And so, as expected, Dominique Strauss-Kahn goes free. Not free to go back to the IMF, from which he resigned in May, but free at least to return to France and put his life back together after s-xual assault charges were dismissed at the prosecutors’ request in New York yesterday.

First, let’s get rid of the idea that Strauss-Kahn has paid an unusually heavy price for his “indiscretion” (or whatever euphemism one wishes to use). People who lack his advantages in life are being unjustly accused of crimes every day, but for them — without the money for top lawyers and the wide circle of support — it can mean years in prison and personal and financial ruin.

DSK’s fall is more dramatic than theirs, but he emerges with his wealth and family intact, having spent no more than a few nights at Rikers Island.

Nor is this a case where the defendant has been comprehensively vindicated. Strauss-Kahn is fully entitled to the presumption of innocence, but that doesn’t mean the charges have been shown to be false — merely that the prosecutors decided (reasonably enough, it would seem) that they would be impossible to prove to the satisfaction of a jury.

If Strauss-Kahn were an American, there would be no doubt that his political career was over. S-xual paranoia in the US is so great that, even if one were to accept that the “encounter” was fully consensual, having something that sordid splashed all over the papers for a married man would be impossible to live down.

France, however, is different. Senior political figures can maintain lovers on a long-term basis or have children out of wedlock without attracting any great notoriety, and the casual s-xism that might lead a famous and powerful male to think a hotel maid was fair game is still sadly common. Couple that with the widespread suspicion (despite a lack of evidence) that Strauss-Kahn was the victim of an American conspiracy, and it’s clear that some sort of comeback cannot be ruled out.

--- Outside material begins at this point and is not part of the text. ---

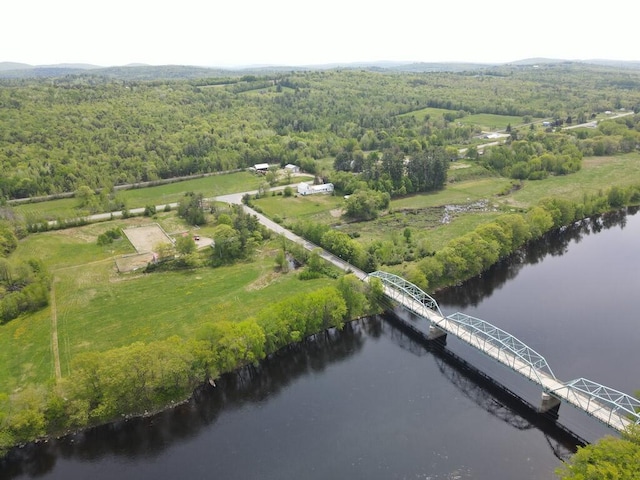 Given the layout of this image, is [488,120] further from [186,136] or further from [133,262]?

(Whether the difference in gender politics is something America should be proud of is another question. It seems to me that in the long run, s-xual puritanism is more deadly to the aspirations of women than the more old-fashioned cultural patriarchy embodied by France, but perhaps the jury is still out on that one.)

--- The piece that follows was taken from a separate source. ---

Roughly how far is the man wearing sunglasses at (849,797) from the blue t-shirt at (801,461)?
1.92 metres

But in the meantime, the Socialist Party has moved on. The contest for its presidential nomination, for which Strauss-Kahn was once the front-runner, is well under way; the first of three televised debates between the candidates will take place in about three weeks, with the first round of voting scheduled for October 9. Even former partisans of Strauss-Kahn are making it clear there is no prospect of him rejoining the field and that he should avoid taking a position on the race.

On the other hand the leading lights of the Socialists are doing their best to sound sympathetic and not to close off any options for DSK to play a role in next year’s campaign. Francois Hollande, one of the two front-runners for the nomination, said that he would play an “essential role in the campaign of the future socialist presidential candidate by reason of his expertise on the [financial] crisis”.

Although the presidency is out of his reach, Strauss-Kahn may feel that he is still well placed, given that both Hollande and the other front-runner, party secretary Martine Aubry, would otherwise have been supporters of his. If one of them can win the presidency and then put together a parliamentary majority, he would have a strong claim to be prime minister.

The problem is that even for the tolerant French, enough dirty laundry has been aired in the last three months to significantly tarnish DSK’s reputation. Although his colleagues will no doubt be glad to see him at liberty, at the back of their minds may lurk the thought that he would have been more use to the party as a martyr in New York than as a shadowy embarrassment back in France.